Write out the listing exactly, from its first line through the line holding "Black Sweatshirt Kissmilk", but include none of the pictures.

- _GIVEN MATERIAL_:
+ + + + + + +

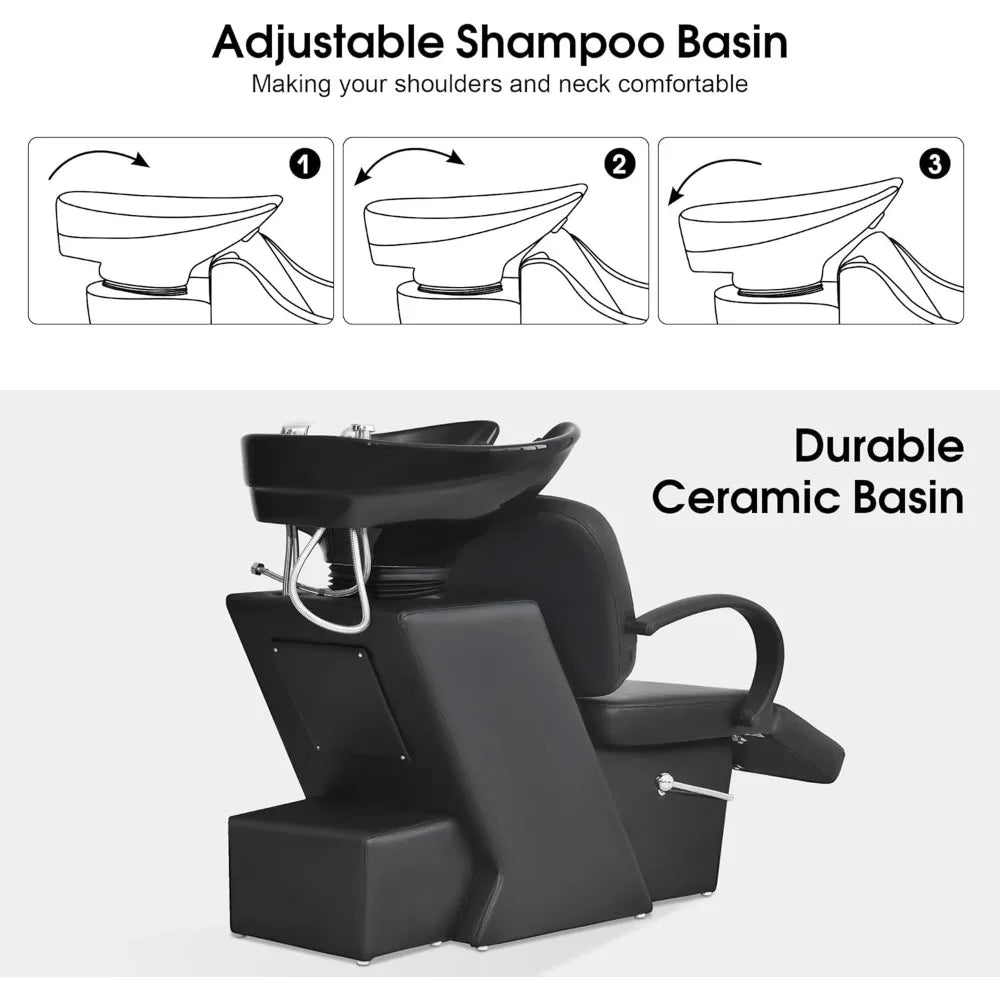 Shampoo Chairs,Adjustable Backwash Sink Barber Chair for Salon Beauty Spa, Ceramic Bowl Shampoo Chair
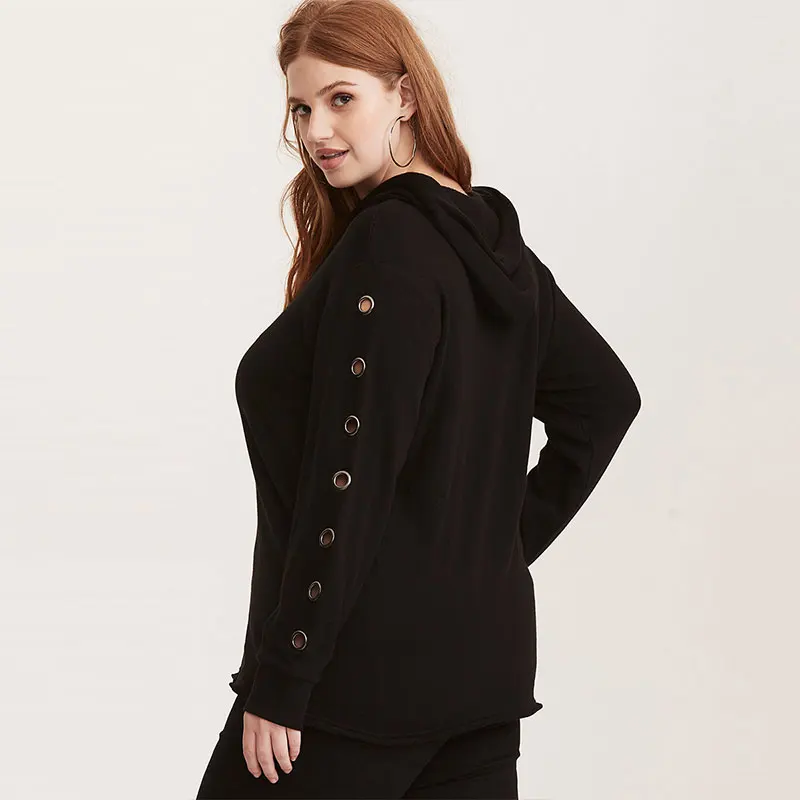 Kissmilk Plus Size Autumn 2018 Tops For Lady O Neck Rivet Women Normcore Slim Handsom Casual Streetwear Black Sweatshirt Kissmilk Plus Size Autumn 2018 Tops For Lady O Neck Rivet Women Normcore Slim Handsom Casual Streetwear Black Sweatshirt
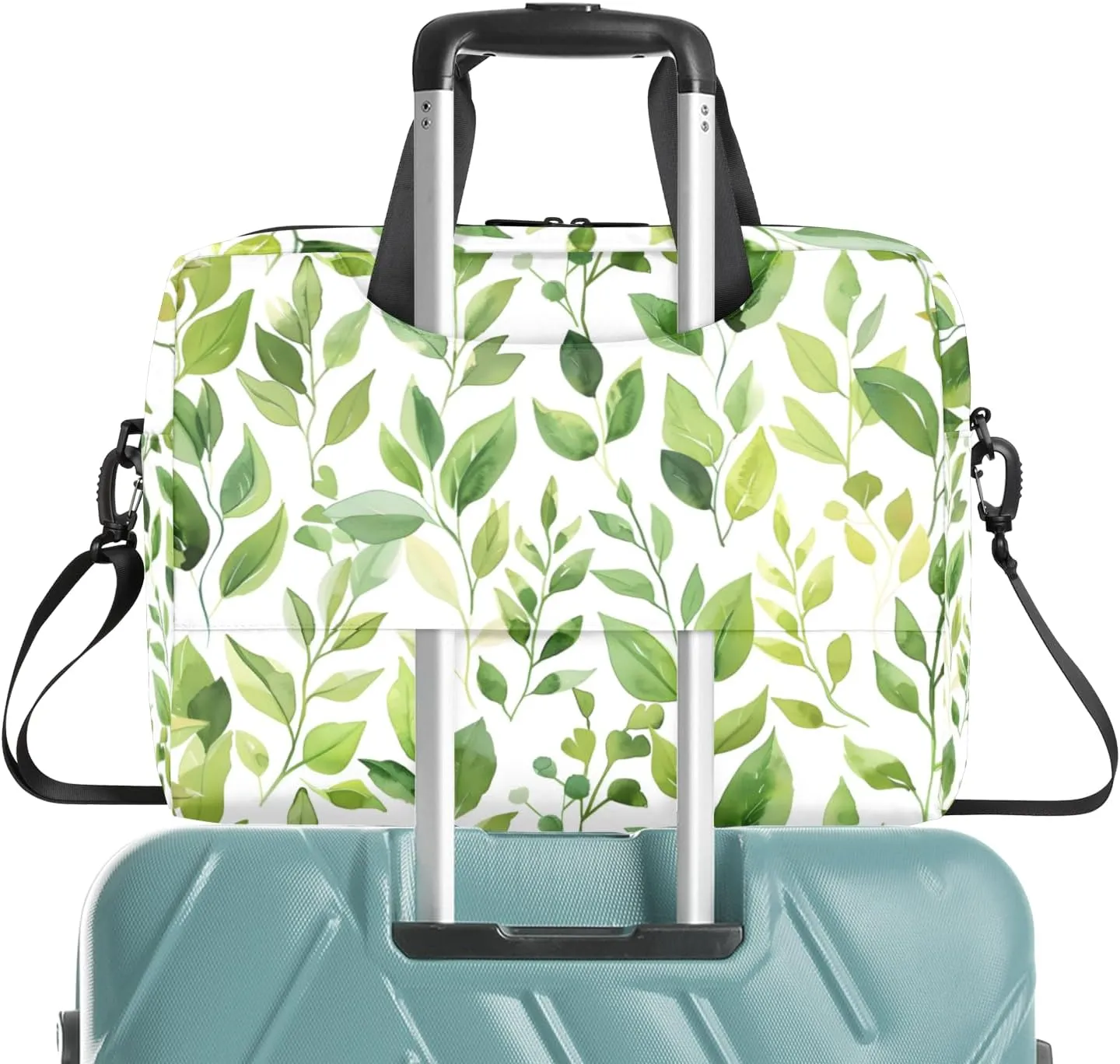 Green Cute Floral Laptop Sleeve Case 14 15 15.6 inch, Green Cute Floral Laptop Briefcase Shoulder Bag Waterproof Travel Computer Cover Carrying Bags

+ + + + + + +

- _RESULT BELOW_:
 Shampoo Chairs,Adjustable Backwash Sink Barber Chair for Salon Beauty Spa, Ceramic Bowl Shampoo Chair
 Kissmilk Plus Size Autumn 2018 Tops For Lady O Neck Rivet Women Normcore Slim Handsom Casual Streetwear Black Sweatshirt Kissmilk Plus Size Autumn 2018 Tops For Lady O Neck Rivet Women Normcore Slim Handsom Casual Streetwear Black Sweatshirt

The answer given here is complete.